Not necessarily, but it may be easier to move to the sidelines for a few days.
Remember the trade: stocks have held up well even as oil has moved up 30 percent in the past two weeks because traders were assuming that the rise in oil would be a short term phenomenon, and that the global growth story was intact.
Three developments have happened today that have made the outlook more cloudy:
1) as focus has moved to the Gulf Arab states (where the oil is), there is a realization that oil prices are not only unlikely to drop back to $80 any time soon, but that they may not even stabilize quickly.

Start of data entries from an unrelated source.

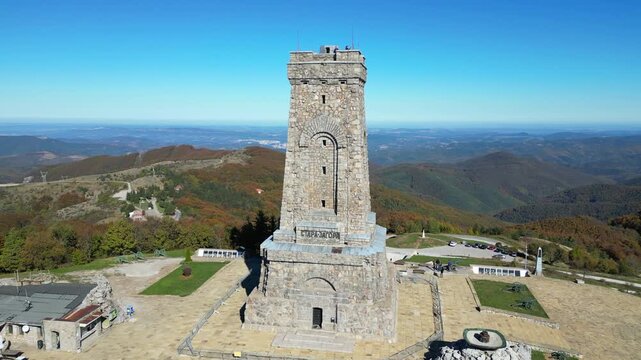 Drone orbiting the historical Shipka Monument in Bulgaria.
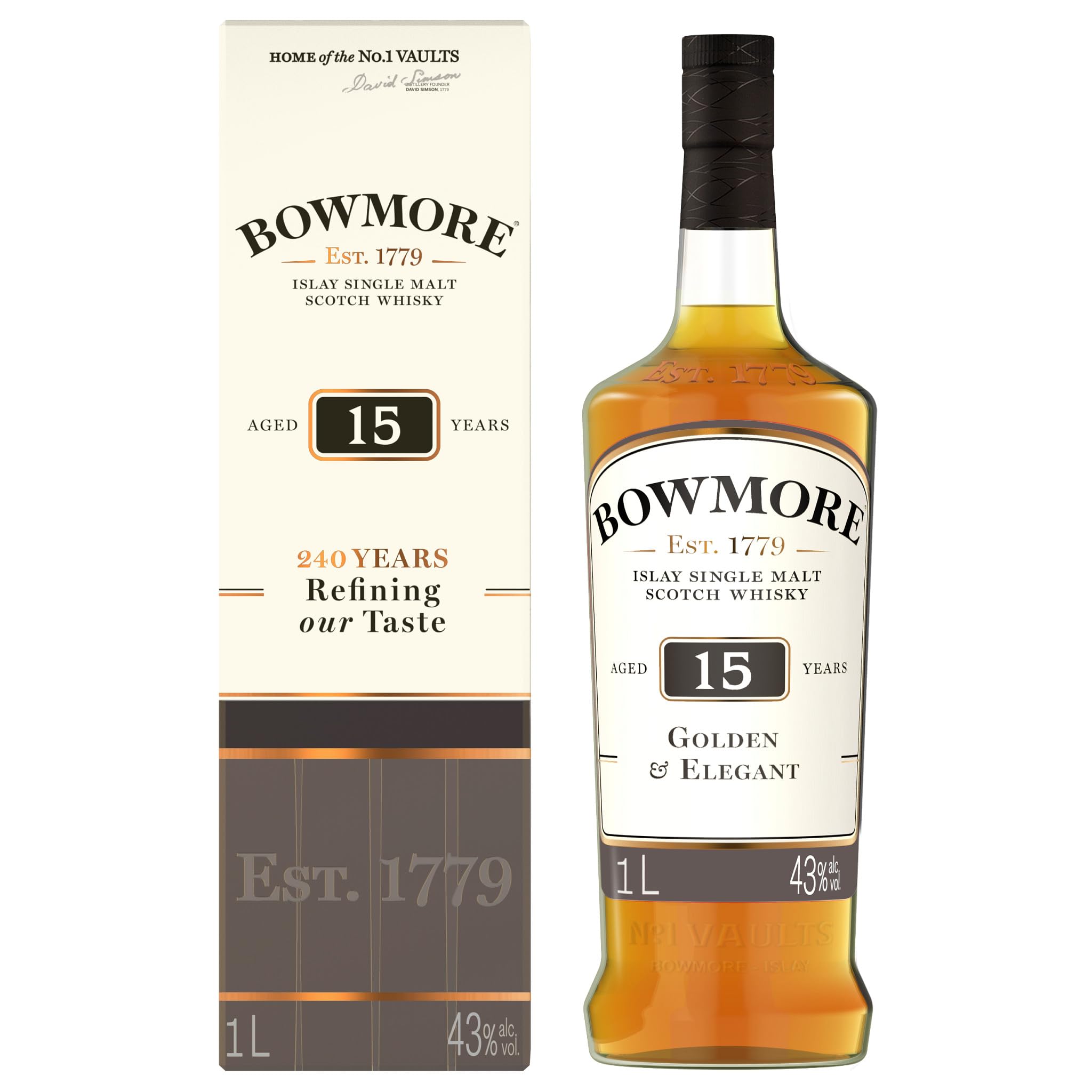 Bowmore 15 Ans Golden & Elegant Single Malt Whisky 1 L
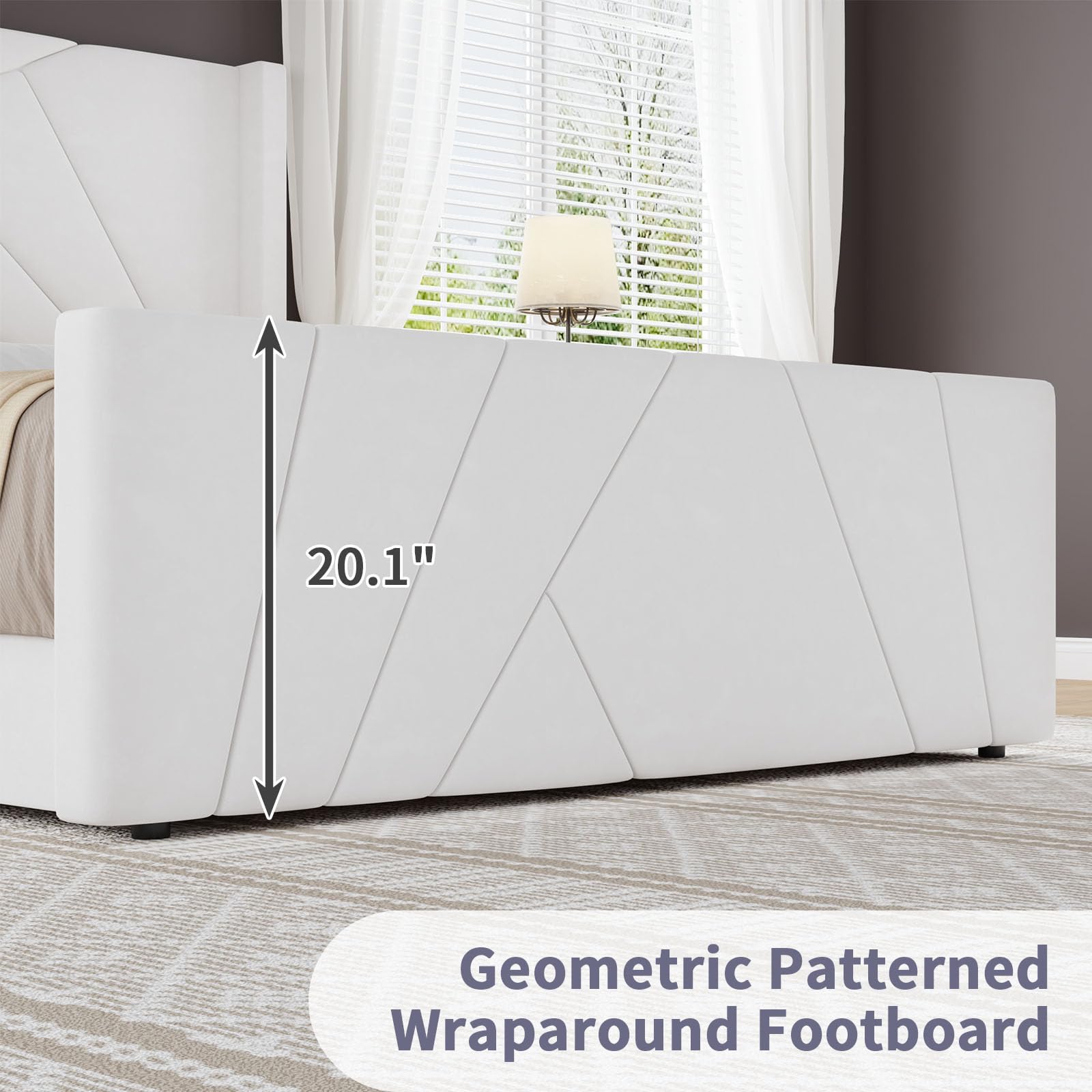 Queen Velvet Platform Bed with Geometric Tufted Headboard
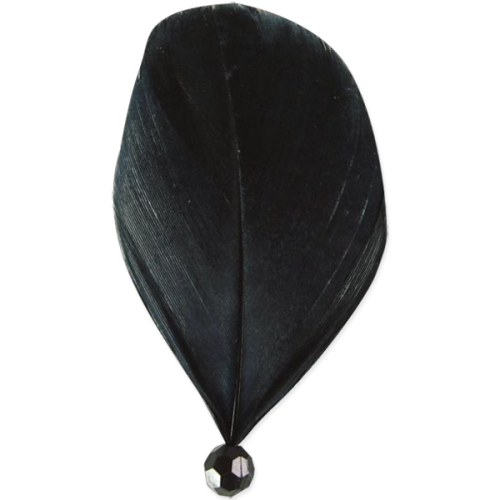Ozdobné peříčko s korálkem 4x8 cm (6ks/bal)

There are plenty of traders trying to parse what — if anything — it means about police attacking protesters in a small town in eastern Saudi Arabia. Bulls dismiss this and note that the capital is calm. Bears note that the protests and the shootings are where the oil and oil terminals are--and that's what's important.
Also, a good part of Libyan production is now clearly offline, and it is unlikely to come back online and time soon. It is not clear how much excess capacity there is in the world. So far, OPEC does not seem to have a clear consensus on what to do.
2) two headlines have again challenged the "onward and upward" global growth story: a) the China trade deficithas indicated that global demand is not as robust as some may have thought (you cannot blame this large a deficit on just the Chinese New Year), and b) Moody's downgrade of Spain's credit rating (with warnings of further downgrades), saying that the cost of cleaning up the banking sector will be more than expected.
Spain's GDP, at $1.38 trillion, is TWICE the GDP of Ireland, Greece, and Portugal COMBINED.
These headlines do not destroy the global growth story, but they do put a break on it.
Finally, try to understand this from a trader's point of view, one that is running a long/short equity book. It is almost impossible to run that kind of book in this environment. No one cares about your longs and shorts. It's all about macro. While it is frustrating, there also opportunities to pick up growth stories that have temporarily sold off.